** WORK TO BE COMPLETED **
Reproduce the records word for word, from the first line to the line containing "Certified 2021 Jeep".

———

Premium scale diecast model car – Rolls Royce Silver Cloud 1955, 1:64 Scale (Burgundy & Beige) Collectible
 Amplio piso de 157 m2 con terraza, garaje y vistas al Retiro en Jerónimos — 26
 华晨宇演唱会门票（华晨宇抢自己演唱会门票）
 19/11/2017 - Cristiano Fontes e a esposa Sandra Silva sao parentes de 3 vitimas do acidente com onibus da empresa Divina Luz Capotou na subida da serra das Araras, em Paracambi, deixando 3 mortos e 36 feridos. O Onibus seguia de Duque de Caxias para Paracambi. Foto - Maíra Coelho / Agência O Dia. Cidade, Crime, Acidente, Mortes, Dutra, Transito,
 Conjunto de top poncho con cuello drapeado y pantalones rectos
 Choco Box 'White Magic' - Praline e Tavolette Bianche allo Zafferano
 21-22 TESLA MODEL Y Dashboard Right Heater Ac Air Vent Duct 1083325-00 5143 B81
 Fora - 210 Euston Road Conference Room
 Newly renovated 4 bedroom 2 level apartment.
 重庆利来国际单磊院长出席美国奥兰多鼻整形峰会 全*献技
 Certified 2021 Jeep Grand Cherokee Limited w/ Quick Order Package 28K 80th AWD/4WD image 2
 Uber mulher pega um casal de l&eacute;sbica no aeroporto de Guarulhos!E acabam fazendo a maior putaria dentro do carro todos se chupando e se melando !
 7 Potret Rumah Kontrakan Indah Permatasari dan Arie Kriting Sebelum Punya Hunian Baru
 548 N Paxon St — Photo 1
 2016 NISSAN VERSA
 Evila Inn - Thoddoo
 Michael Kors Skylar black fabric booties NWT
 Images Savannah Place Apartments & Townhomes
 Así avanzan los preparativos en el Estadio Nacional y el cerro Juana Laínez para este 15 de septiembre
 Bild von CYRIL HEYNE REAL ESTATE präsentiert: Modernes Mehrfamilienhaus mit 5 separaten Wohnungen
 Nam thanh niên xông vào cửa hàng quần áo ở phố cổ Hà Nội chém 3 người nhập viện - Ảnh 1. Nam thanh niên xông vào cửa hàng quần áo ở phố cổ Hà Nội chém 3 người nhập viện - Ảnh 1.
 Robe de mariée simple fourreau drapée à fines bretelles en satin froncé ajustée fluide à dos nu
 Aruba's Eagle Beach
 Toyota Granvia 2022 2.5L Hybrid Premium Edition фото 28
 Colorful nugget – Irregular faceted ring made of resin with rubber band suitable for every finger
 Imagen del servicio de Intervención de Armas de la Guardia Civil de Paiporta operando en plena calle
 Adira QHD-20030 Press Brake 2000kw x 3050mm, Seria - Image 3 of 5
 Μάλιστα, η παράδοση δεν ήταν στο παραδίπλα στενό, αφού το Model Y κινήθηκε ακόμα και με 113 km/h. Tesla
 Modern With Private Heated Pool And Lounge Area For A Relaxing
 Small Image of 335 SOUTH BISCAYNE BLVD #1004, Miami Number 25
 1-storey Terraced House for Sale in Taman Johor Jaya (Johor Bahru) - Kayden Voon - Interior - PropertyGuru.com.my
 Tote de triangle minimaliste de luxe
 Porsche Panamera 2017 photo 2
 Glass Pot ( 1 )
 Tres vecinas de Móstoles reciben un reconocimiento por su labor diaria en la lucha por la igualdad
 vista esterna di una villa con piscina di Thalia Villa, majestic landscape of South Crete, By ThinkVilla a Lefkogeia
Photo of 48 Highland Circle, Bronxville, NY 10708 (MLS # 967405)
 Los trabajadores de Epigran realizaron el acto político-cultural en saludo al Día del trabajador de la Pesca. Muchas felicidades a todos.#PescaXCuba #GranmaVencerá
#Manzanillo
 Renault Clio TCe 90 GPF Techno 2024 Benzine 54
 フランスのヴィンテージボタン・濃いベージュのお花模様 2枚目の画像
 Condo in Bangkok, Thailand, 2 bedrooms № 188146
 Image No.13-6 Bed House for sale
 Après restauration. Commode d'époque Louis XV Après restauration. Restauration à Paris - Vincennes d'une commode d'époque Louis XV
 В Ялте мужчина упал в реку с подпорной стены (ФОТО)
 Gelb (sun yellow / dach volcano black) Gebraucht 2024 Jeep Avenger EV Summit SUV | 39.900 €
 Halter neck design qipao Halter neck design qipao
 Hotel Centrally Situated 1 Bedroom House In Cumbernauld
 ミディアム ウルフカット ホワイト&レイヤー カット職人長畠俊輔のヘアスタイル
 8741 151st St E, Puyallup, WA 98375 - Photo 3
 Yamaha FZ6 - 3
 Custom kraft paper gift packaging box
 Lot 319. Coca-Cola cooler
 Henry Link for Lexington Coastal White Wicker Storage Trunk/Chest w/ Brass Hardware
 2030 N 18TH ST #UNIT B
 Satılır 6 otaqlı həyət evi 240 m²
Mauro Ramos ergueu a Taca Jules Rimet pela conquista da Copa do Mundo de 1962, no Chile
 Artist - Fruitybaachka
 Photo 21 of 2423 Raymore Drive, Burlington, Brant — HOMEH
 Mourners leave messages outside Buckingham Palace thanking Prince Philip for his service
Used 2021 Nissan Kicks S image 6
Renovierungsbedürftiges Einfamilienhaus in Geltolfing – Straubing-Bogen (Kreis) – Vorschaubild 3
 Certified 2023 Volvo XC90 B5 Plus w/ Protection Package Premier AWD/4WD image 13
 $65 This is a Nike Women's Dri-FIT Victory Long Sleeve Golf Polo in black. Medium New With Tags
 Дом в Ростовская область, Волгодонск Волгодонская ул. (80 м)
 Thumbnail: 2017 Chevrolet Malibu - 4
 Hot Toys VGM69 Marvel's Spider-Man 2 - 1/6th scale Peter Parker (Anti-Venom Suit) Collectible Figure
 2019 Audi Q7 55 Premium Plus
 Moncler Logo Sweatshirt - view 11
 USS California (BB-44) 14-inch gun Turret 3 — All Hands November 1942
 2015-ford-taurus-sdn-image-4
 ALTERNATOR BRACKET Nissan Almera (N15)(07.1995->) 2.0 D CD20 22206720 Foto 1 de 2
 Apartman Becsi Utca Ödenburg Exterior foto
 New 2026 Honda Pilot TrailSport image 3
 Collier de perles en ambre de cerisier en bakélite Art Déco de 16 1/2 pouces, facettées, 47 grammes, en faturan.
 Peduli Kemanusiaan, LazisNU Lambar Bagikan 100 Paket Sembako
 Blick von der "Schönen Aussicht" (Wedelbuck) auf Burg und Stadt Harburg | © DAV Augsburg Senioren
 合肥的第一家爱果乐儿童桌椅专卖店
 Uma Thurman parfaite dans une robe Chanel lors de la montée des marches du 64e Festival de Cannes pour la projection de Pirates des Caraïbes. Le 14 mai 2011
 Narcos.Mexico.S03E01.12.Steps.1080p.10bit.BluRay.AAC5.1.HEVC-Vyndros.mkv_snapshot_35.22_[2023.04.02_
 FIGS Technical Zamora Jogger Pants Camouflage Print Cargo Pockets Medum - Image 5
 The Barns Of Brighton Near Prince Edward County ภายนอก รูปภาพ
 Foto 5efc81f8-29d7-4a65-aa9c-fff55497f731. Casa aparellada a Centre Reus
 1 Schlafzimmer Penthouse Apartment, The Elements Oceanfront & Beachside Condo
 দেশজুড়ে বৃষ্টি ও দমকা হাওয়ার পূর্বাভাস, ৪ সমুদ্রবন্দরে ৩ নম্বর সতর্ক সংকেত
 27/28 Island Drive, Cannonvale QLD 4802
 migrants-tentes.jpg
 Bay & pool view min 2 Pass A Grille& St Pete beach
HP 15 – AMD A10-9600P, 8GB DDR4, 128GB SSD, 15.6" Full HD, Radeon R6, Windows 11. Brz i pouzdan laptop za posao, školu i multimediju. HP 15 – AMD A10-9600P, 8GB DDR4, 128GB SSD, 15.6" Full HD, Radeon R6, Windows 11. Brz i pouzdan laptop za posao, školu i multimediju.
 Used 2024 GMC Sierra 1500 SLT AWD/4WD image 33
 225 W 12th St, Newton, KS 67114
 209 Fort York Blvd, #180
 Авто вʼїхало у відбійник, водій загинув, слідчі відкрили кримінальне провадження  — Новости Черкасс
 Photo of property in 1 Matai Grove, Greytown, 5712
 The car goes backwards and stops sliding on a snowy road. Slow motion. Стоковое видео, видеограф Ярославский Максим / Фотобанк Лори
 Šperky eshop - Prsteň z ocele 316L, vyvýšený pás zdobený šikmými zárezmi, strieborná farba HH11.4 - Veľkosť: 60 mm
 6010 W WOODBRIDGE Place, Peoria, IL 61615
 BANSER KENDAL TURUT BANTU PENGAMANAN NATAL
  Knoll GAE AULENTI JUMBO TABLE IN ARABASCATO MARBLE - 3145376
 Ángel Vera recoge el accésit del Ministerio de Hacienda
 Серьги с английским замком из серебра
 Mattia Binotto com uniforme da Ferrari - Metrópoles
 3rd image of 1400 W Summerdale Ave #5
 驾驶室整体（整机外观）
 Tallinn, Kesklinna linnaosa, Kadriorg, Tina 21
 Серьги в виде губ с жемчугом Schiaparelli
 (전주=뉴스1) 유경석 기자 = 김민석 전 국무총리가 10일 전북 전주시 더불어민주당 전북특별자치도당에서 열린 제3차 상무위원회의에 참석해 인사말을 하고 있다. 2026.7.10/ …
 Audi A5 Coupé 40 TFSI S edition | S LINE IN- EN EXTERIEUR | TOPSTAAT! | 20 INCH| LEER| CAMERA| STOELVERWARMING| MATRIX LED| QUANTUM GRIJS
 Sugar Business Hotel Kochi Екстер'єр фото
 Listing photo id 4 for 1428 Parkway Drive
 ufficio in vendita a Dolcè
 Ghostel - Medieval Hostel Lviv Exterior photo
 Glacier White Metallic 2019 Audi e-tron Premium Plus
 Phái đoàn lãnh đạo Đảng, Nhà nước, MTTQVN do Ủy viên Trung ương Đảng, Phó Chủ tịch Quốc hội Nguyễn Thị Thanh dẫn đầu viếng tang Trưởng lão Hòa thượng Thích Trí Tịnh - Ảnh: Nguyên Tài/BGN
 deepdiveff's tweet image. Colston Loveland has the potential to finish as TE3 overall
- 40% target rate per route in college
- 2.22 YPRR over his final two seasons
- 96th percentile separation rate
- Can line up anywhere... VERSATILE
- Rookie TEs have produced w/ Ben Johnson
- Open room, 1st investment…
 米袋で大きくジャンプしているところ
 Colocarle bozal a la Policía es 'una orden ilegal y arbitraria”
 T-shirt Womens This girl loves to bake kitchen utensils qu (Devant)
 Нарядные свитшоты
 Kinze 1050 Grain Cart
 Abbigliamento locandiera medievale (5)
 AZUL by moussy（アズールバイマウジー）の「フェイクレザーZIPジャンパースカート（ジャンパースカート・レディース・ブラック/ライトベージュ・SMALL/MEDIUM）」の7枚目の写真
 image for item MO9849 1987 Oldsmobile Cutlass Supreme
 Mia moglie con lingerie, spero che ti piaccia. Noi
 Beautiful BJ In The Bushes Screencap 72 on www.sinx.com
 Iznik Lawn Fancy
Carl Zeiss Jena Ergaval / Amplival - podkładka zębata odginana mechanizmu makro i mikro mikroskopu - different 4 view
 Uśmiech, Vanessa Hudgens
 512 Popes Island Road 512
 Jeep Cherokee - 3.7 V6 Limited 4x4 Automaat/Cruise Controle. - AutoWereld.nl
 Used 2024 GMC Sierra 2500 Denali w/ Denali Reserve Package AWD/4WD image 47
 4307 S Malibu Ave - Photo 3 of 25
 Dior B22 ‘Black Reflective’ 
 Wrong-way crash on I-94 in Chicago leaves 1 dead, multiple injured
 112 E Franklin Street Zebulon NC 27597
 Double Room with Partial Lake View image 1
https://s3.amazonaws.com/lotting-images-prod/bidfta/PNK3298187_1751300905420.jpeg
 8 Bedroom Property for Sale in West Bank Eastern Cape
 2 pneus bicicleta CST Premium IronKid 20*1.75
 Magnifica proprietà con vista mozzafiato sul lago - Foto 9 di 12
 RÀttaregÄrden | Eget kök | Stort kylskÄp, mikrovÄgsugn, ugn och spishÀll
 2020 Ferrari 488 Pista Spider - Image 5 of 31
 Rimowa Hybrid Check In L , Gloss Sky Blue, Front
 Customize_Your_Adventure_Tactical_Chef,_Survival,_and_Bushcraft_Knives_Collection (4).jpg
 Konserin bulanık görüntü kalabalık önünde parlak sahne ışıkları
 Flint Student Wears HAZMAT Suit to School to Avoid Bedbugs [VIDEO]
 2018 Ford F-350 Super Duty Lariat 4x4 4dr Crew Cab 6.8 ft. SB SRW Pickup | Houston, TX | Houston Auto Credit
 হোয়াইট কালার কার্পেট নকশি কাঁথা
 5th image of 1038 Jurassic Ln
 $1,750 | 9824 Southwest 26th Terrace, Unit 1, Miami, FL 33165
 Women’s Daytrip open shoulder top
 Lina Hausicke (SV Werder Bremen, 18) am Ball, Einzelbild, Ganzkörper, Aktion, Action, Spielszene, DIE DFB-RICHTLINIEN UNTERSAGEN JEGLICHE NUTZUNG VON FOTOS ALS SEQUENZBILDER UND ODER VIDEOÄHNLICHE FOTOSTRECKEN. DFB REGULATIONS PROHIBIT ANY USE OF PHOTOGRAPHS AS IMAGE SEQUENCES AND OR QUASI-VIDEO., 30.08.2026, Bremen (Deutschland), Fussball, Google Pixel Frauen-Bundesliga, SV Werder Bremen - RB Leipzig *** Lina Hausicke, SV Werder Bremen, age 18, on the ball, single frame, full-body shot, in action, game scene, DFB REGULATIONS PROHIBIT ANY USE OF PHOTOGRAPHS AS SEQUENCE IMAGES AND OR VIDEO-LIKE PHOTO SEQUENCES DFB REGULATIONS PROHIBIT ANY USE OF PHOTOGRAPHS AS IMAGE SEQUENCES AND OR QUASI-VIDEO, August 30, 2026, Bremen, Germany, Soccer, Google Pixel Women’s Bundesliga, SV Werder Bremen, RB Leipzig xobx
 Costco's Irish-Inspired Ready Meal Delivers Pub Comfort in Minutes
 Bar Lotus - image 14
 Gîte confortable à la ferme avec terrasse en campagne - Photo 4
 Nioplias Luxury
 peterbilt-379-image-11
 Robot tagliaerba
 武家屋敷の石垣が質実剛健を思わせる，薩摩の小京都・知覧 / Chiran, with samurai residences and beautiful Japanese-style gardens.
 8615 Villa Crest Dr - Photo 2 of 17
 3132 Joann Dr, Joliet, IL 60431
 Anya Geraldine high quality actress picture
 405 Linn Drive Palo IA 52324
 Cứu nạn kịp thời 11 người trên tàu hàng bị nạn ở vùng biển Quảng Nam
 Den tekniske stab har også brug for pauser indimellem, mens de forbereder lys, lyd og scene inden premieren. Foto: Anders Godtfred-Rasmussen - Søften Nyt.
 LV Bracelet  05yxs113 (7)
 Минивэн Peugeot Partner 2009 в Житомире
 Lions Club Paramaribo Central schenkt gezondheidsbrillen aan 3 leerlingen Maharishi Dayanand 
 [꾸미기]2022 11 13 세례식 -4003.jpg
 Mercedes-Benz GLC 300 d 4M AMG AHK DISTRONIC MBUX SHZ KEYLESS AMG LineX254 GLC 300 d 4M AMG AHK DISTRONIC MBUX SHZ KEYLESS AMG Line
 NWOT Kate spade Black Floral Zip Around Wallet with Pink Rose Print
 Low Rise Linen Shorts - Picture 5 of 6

———

** OUTPUT BELOW **
Premium scale diecast model car – Rolls Royce Silver Cloud 1955, 1:64 Scale (Burgundy & Beige) Collectible
 Amplio piso de 157 m2 con terraza, garaje y vistas al Retiro en Jerónimos — 26
 华晨宇演唱会门票（华晨宇抢自己演唱会门票）
 19/11/2017 - Cristiano Fontes e a esposa Sandra Silva sao parentes de 3 vitimas do acidente com onibus da empresa Divina Luz Capotou na subida da serra das Araras, em Paracambi, deixando 3 mortos e 36 feridos. O Onibus seguia de Duque de Caxias para Paracambi. Foto - Maíra Coelho / Agência O Dia. Cidade, Crime, Acidente, Mortes, Dutra, Transito,
 Conjunto de top poncho con cuello drapeado y pantalones rectos
 Choco Box 'White Magic' - Praline e Tavolette Bianche allo Zafferano
 21-22 TESLA MODEL Y Dashboard Right Heater Ac Air Vent Duct 1083325-00 5143 B81
 Fora - 210 Euston Road Conference Room
 Newly renovated 4 bedroom 2 level apartment.
 重庆利来国际单磊院长出席美国奥兰多鼻整形峰会 全*献技
 Certified 2021 Jeep Grand Cherokee Limited w/ Quick Order Package 28K 80th AWD/4WD image 2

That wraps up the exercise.